Where's my fast, smart, overhead scanner?
Back in 2008, I proposed the idea of a scanner club which would share high-end scanning equipment to rid of houses of the glut of paper. It's a harder problem than it sounds. I bought a high-end Fujitsu office scanner (original price $5K, but I paid a lot less) and it's done some things for me, but it's still way too hard to use on general scanning problems.
I've bought a lot of scanners in the day. There are now lots of portable hand scanners that just scan to an SD card which I like. I also have several flatbeds and a couple of high volume sheetfeds.
In the scanner club article, I outlined a different design for how I would like a scanner to work. This design is faster and much less expensive and probably more reliable than all the other designs, yet 7 years later, nobody has built it.

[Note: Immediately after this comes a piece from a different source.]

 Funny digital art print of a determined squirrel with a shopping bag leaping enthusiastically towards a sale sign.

The design is similar to the "document camera" family of scanners which feature a camera suspended over a flat surface, equipped with some LED lighting. Thanks to the progress in digital cameras, a fast, high resolution camera is now something you can get cheap. The $350 Hovercam Solo 8, which provides an 8 megapixel (4K) image at 30 frames per second. Soon, 4K cameras will become very cheap. You don't need video at that resolution, and still cameras in the 20 megapixel range -- which means 500 pixels/inch scanning of letter sized paper -- are cheap and plentiful.
Under the camera you could put anything, but a surface of a distinct colour (like green screen) is a good idea. Anything but the same colour as your paper will do. To get extra fancy, the table could be perforated with small holes like an air hockey table, and have a small suction pump, so that paper put on it is instantly held flat, sticking slightly to the surface.
No-button scanning
The real feature I want is an ability to scan pages as fast as a human being can slap them down on the table. To scan a document, you would just take pages and quickly put them down, one after the other, as fast as you can, so long as you pause long enough for your hand to leave the view and the paper to stay still for 100 milliseconds or so.

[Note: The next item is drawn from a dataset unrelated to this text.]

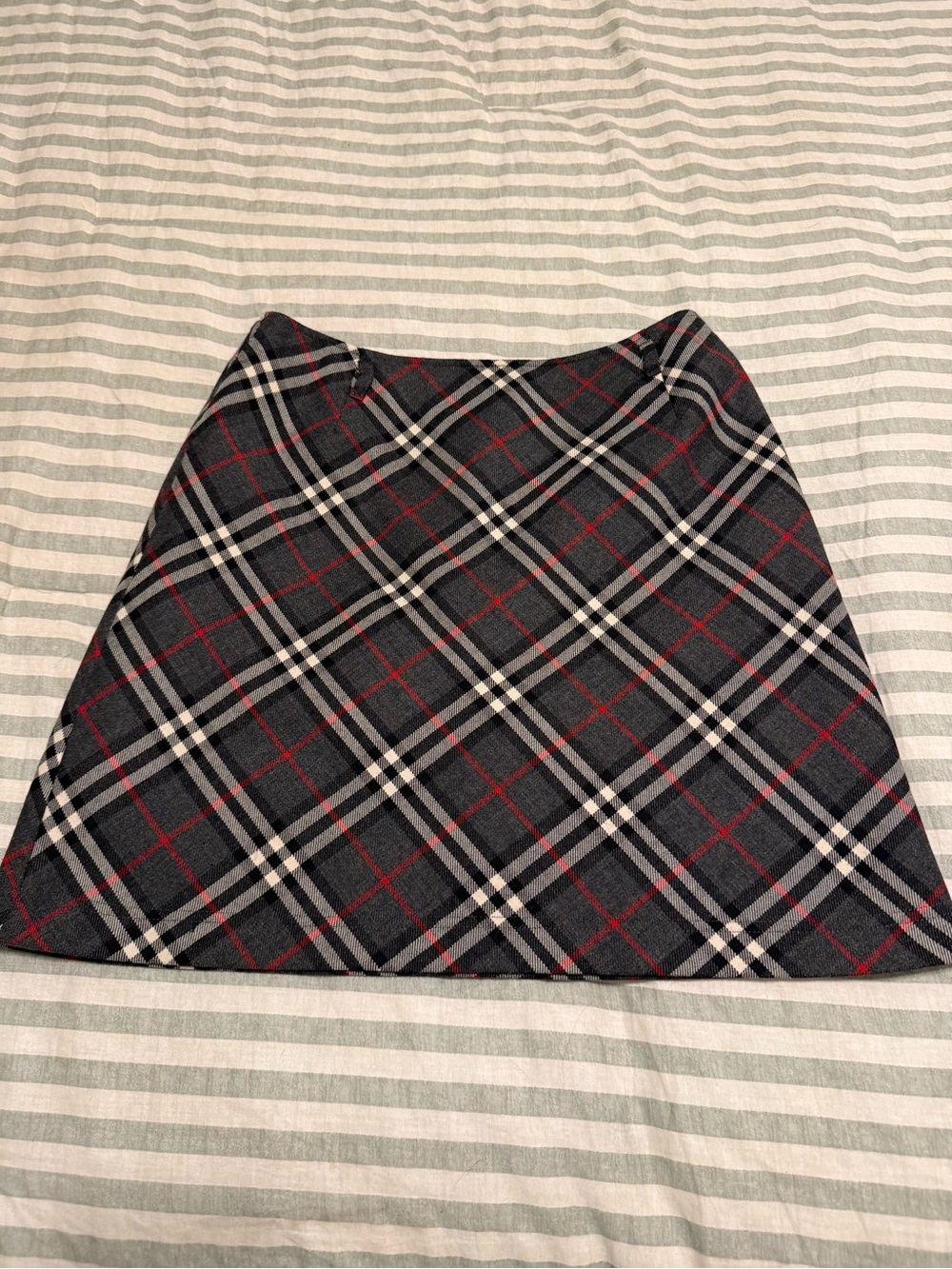 Burberry Plaid Skirt in Charcoal, Red, and White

The system will be watching with a 60 frame per second standard HD video camera (these are very cheap today.) It will watch until a new page arrives and your hand leaves. Because it will have an image of the table or papers under the new sheet, it can spot the difference. It can also spot when the image becomes still for a few frames, and when it doesn't have your hand in it. This would trigger a high resolution still image. The LEDs would flash with that still image, which is your signal to know the image has been taken and the system is ready to drop a new page on. Every so often you would clear the stack so it doesn't grow too high.
Alternately, you could remove pages before you add a new one. This would be slower, you would get no movement of papers under the top page. If you had the suction table, each page would be held nice and flat, with a green background around it, for a highly accurate rotation and crop in the final image. With two hands it might not be much slower to pull pages out while adding new ones.
No button is pressed between scans or even to start and finish scanning. You might have some buttons on the scanner to indicate you are clearing the stack, or to select modes (colour, black and white, line art, double sided, exposure modes etc.) Instead of buttons, you could also have little tokens you put on the surface with codes that can be read by the camera. This can include sheets of paper you print with bar codes to insert in the middle of your scanning streams.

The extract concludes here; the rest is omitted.